Auditions wrapped up just before Winter Break, and rehearsal started right away on Sunday. Fifteen students make up the acting ensemble, supported by a dedicated five-member stage crew. Together, these 20 students aren’t just learning lines and moving scenery—they’re stepping into the shoes of real people whose lives were changed forever by a new “miracle” of science in the 1920s. That’s the heart of the director’s vision: honoring those voices while creating a show that grips the audience from the first moment to the last.
Set in 1926, “Radium Girls” follows Grace Fryer, a young dial painter who works with luminous radium paint at the U.S. Radium Corporation. At first, radium is hailed as a cure-all and a scientific wonder. Madame Curie is a global icon, and glowing watch dials are the height of modern innovation.
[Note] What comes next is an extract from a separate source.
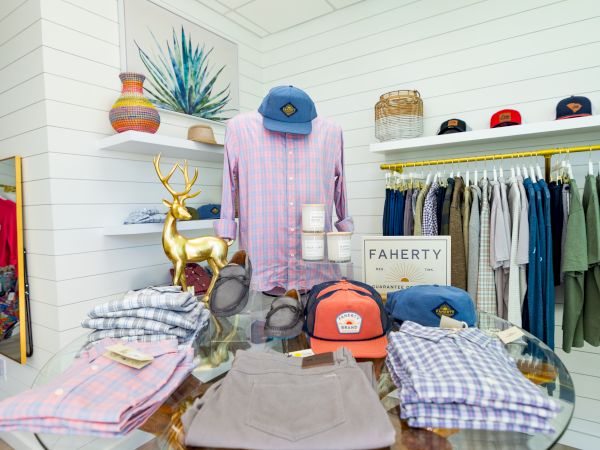 The image shows a retail display with shirts, caps, and accessories on a round table, surrounded by neatly hung clothes on racks in a bright room.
But as the girls in the factory begin to fall ill with a mysterious disease, the bright glow of radium gives way to a much darker truth. Onstage at KMS, that shift—from excitement and trust to doubt and courage—is what the director is asking students to lean into and explore.
Grace’s journey to seek justice becomes the emotional spine of the production. Her fight for a day in court pits her not only against the company but also, painfully, against people she loves. Friends and family worry that speaking out will cost her everything. Opposite Grace stands Arthur Roeder, her former employer—an idealistic man who desperately believes radium can’t be causing harm. In rehearsal, the director is guiding students to avoid simple “heroes and villains” and instead find the humanity on all sides: the fear, denial, hope and guilt that make the story feel real rather than distant history.
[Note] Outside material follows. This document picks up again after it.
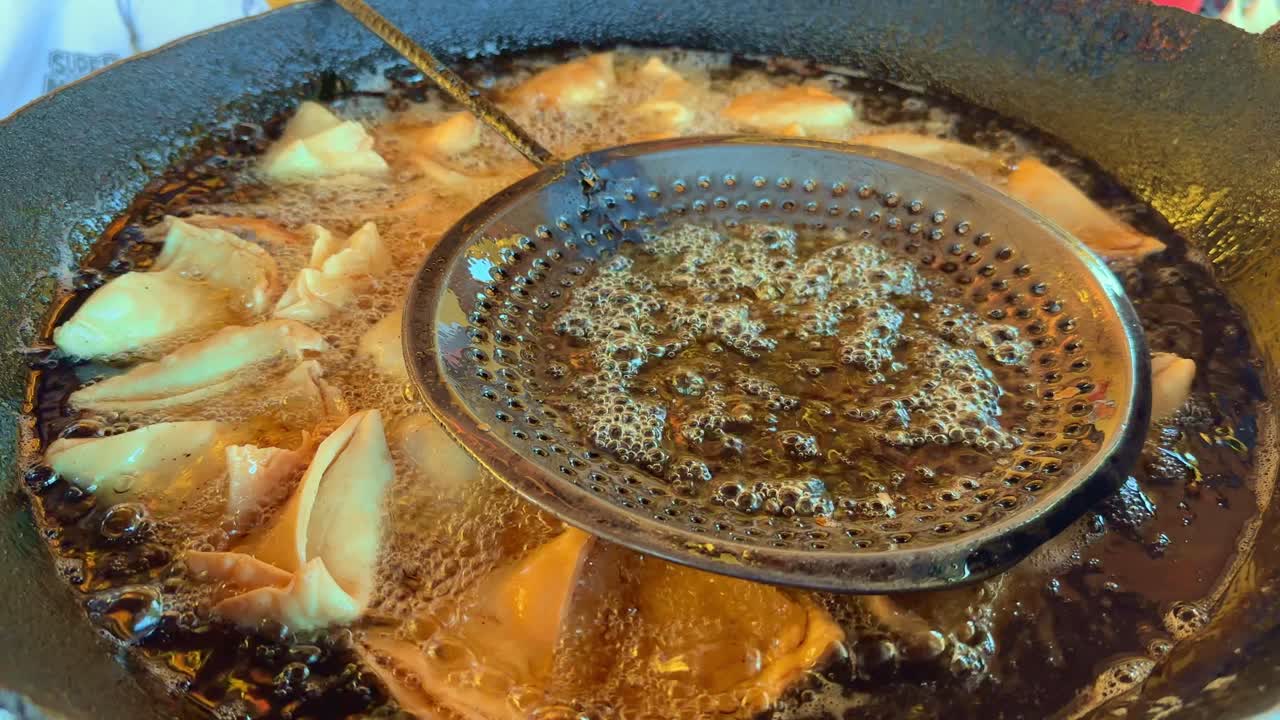 Samosa being fried in the hot oil at local food stall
Because the script is written as a fast-moving, highly theatrical ensemble piece, the cast has to be nimble. Ten actors play more than 30 roles—friends, coworkers, lovers, scientists, attorneys, consumer advocates and curious onlookers—often changing characters in a matter of seconds. That means quick costume shifts, precise physical choices and clear vocal differences. The director’s vision here is all about flow: scenes transitioning like snapshots in a newsreel, the stage constantly alive with motion but never confusing. It’s a challenge, especially with limited rehearsal days, but it’s also what makes the show exciting to watch.
Behind the scenes, the stage crew is turning a bare platform into a world that slips between factory floors, courtrooms and living rooms. With only 21 days to build and refine, they’re focusing on smart, flexible set pieces that can transform quickly. Simple props—a glowing watch dial, a lab bottle, a newspaper headline—carry huge symbolic weight. Every choice, from lighting that suggests the eerie glow of radium to costumes that anchor the audience in the 1920s, supports the director’s larger goal: to remind viewers that this isn’t just a history lesson. It’s a story about whose voices get heard, and at what cost.
The KMS community will get its first full look at that vision during the home performance on Thursday, January 22, at 4 p.m. Then, just two days later, the Fighting Saints will take “Radium Girls” on the road to compete in Morris, Minnesota, on Saturday, January 24. The hope is that the show doesn’t just score well with judges, but also lingers with audiences—sparking conversations about justice, corporate responsibility and how far people will go to protect their health and their loved ones. For this cast and crew, that’s the real victory: using theatre to bring a powerful story to life and carrying its message far beyond the final curtain.